Illustrative sweep (pseudo-API)
This mirrors typical svVascularize usage; adjust names to your actual API.
import itertools, json, pathlib, numpy as np
# 1) Base parameters
base = dict(
domain="heart_slice.sdf", # or mesh
inlets=[(12.0, 6.1, 4.7)],
outlets=[], # optional; use forest-connection for loops
terminals=1200,
sampling="blue-noise",
murray_n=3.0,
weights=dict(alpha_power=1.0, beta_volume=0.1, gamma_smooth=0.05),
constraints=dict(clearance=0.12, min_length=0.4, angle_min=25, angle_max=120),
local_opt=dict(neighborhood=3.0, max_iters=20, tol=1e-3),
)
# 2) Define a sweep over two axes + RNG replicates
n_vals = [2.8, 3.0, 3.2]
q_vals = [0.8, 1.0, 1.2] # relative terminal demand scale (example)
seeds = [11, 12, 13]
def paramsets():
for n, q in itertools.product(n_vals, q_vals):
p = json.loads(json.dumps(base)) # deep-ish copy
p["murray_n"] = n
p["demand_scale"] = q
yield p
# 3) Run
outdir = pathlib.Path("runs/param_sweep")

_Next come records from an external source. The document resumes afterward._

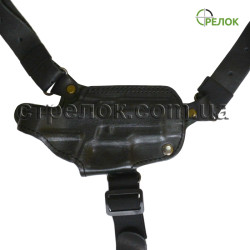 Кобура оперативная Медан 1004 для Форт-12, кожаная формованная Кобура оперативная Медан 1004 для Форт-12, кожаная формованная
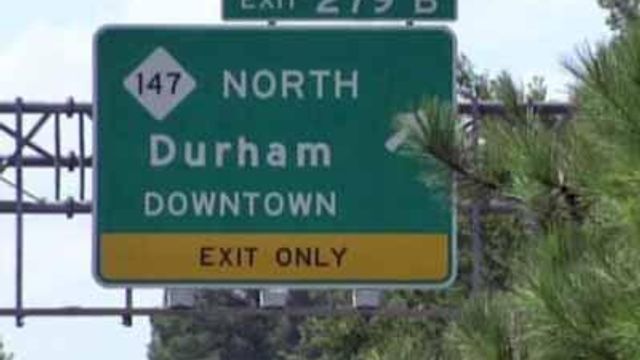 Woman believes bullet hit her car window on Durham Freeway 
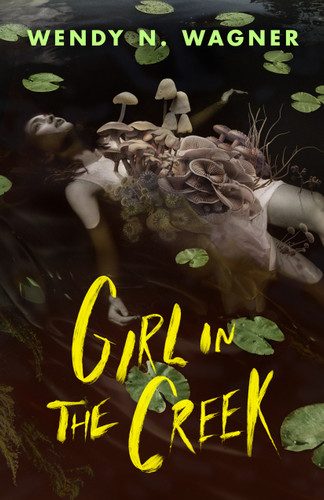 Girl in the Creek book cover by Wendy N. Wagner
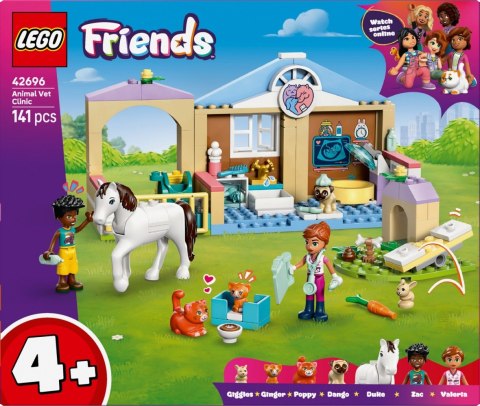 Klocki Friends 42696 Lecznica dla zwierząt LEGO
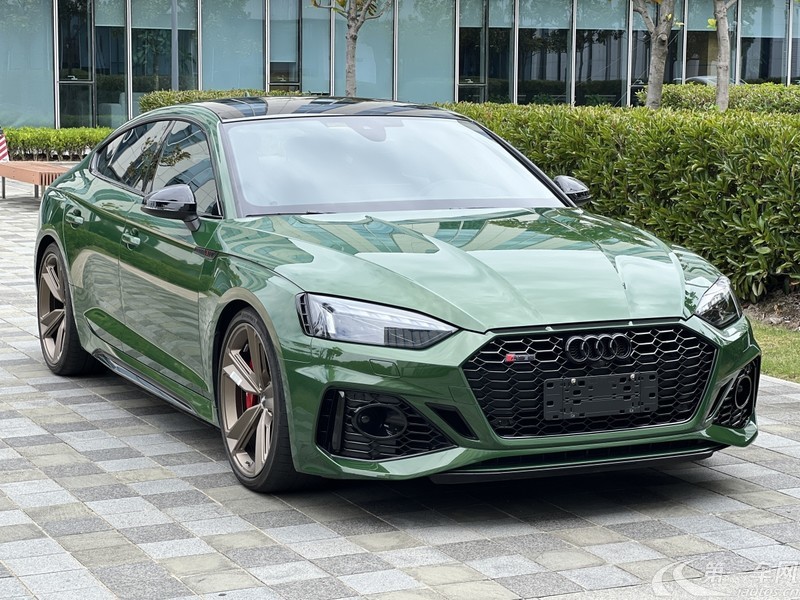 奥迪RS5 Sportback [进口] 2021款 2.9T 自动 暗金版 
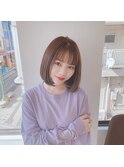 ツヤボブ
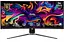 Монитор 34" MSI MAG 341CQP QD-OLED Curved UWQHD OLED 175Hz (MAG 341CQP QD-OLED) - миниатюра 1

outdir.mkdir(parents=True, exist_ok=True)
for i, theta in enumerate(paramsets()):
for s in seeds:
theta["seed"] = s
# v = svv.Vascularizer(theta) # construct
# T = v.grow() # generate tree
# metrics = v.metrics() # coverage, collisions, power, volume, etc.

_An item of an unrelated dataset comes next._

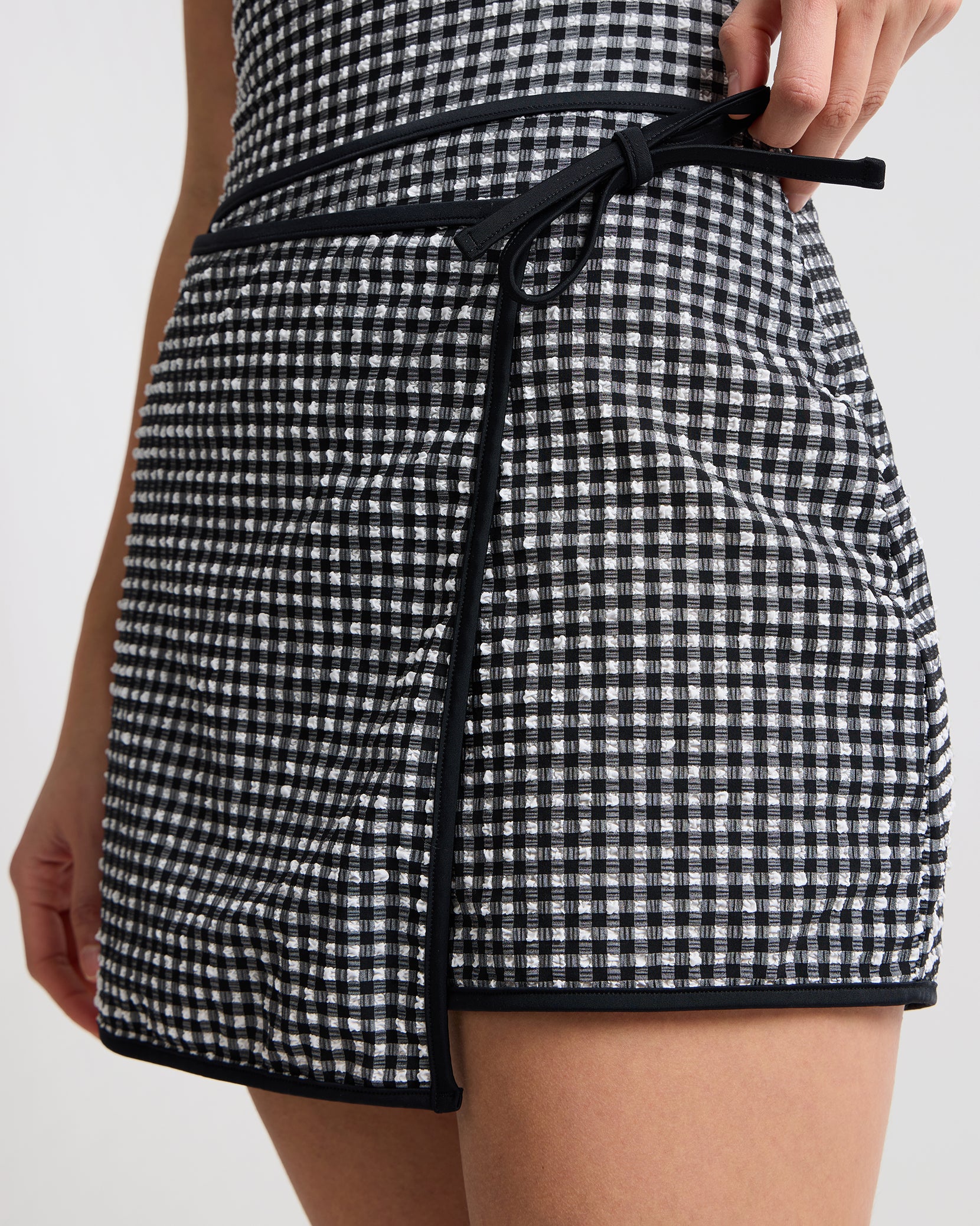 Mini Wrap Skirt - Image 5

# v.save(outdir / f"tree_{i}_seed{s}.vtp") # geometry
# json.dump(metrics, open(outdir / f"tree_{i}_seed{s}.json","w"), indent=2)
pass # replace with real calls
# 4) Post-process: aggregate metrics and rank / build Pareto set
What to measure
Metric | Why it matters |
---|---|
Coverage (%) / voids | Uniform perfusion and space-filling behavior. |
Collisions / clearance violations | Feasibility and printability. |
Total power & volume | Energy vs. material trade-off in \(J\). |
Radius & length distributions | Physiological realism / manufacturability. |
Bifurcation angles / taper | Geometric regularity and flow quality. |
Shear & pressure ranges | Hemodynamic safety windows. |
Connectivity / loops (forest) | Closed-circuit perfusion for tissues. |
Starting ranges (tunable)
- Murray exponent \(n \in [2.7, 3.2]\)
- Angle bounds \([20^\circ, 120^\circ]\) with a soft penalty beyond
- Clearance \(0.05\text{–}0.2\) × local radius scale (domain-dependent)
- Min segment length \(0.3\text{–}1.0\) × voxel/feature size
- Objective weights start \((\alpha,\beta,\gamma)=(1,0.1,0.05)\), then tune by Pareto analysis
Reproducibility checklist
- Record: parameter vector \( \theta \), RNG seed \( s \), commit hash / version, domain asset checksums.
- Persist: metrics JSON + geometry artifacts (e.g., VTP/VTK) for each run.
- Log: accept/reject counts, constraint violations, local-opt iterations (helps diagnose stalls).